Jhaelen said:That isn't the problem, IMHO.
The problem, in my experience, is the 30+ year old veteran D&D player who has invested hours or days to create a character unlike any of the dozens or hundreds she has already played with an involved backstory and distinctive characterization that gets cut down by a lucky crit from an orc in the first combat encounter.
The number of times you are willing to invest much effort in character creation is limited if it's for nought simply because of an unlucky die roll.
Plus, as a veteran player, I typically find the first level pretty boring, since there aren't many options for appropriate challenges for a starting adventurer. About the only way for me to still enjoy starting adventures is to create a truly 'fresh' character concept and roleplay it to the hilt. Which leads me right back to the problem mentioned above.

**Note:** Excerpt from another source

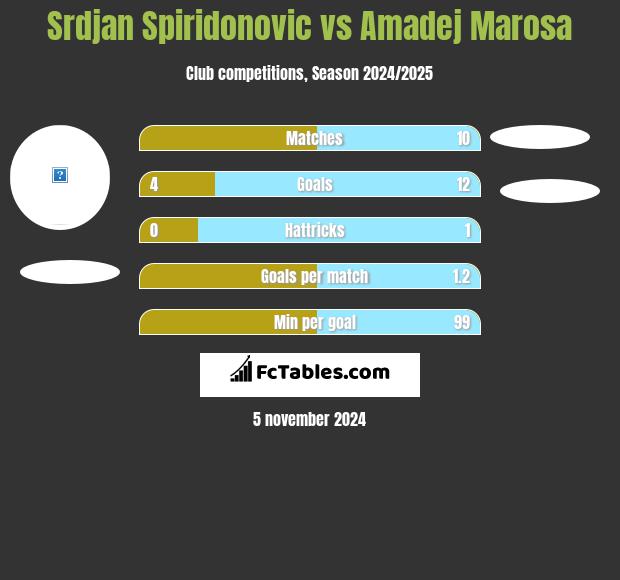 Srdjan Spiridonovic vs Amadej Marosa h2h player stats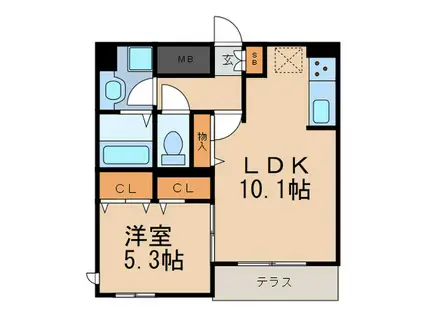 ロッコウコルンーS(1LDK/1階)の間取り写真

This must be a difference of opinion between us. I'm a 26-year D&D veteran (started playing when I was 6) and the character generation time in D&D3.x has never bothered me. Sometimes I've played characters who lasted two session; sometimes I've played characters who lasted a year. If a character dies horribly early on, then that's just the luck of the dice. Sometimes it's painful -- I do wish my East Indian sorcerer/alienist demon summoner hadn't gotten killed so quickly, I loved her concept, and the same with my crab-hengeyokai martial artist -- but there's always other character ideas waiting in the wings. In a good RPG, there's always zillions of possibilities... In that old D&D campaign, I never did get to play my Priest of the Death God who used the "Leadership" feat to have his wife, a fellow priest, accompany him on his journeys... or my cross-dressing courtly female swordswoman based on the old manga "The Rose of Versailles"... or this character, or that character. I *LOVE* coming up with characters.
The only times that dying in a RPG bothers me is if the DM "rubs it in" by either turning it into a form of humiliation (i.e. "Your character is murdered and raped by the bugbears. His body is thrown in a ditch"... I've never had this QUITE happen but I've witnessed similar situations) or by dissing my gameplay and character design choices (i.e. "You wouldn't have died if you had spent those 2 skill points on Jump instead of Profession (cook). I know you are aware of this, but allow me to rub it in and remind you that you are stupid. Now, allow me to ignore you while I focus on the more min-maxy players."). But those are both problems with the DM, not with the rules. As long as a DM is "tough but fair" I generally don't mind dying.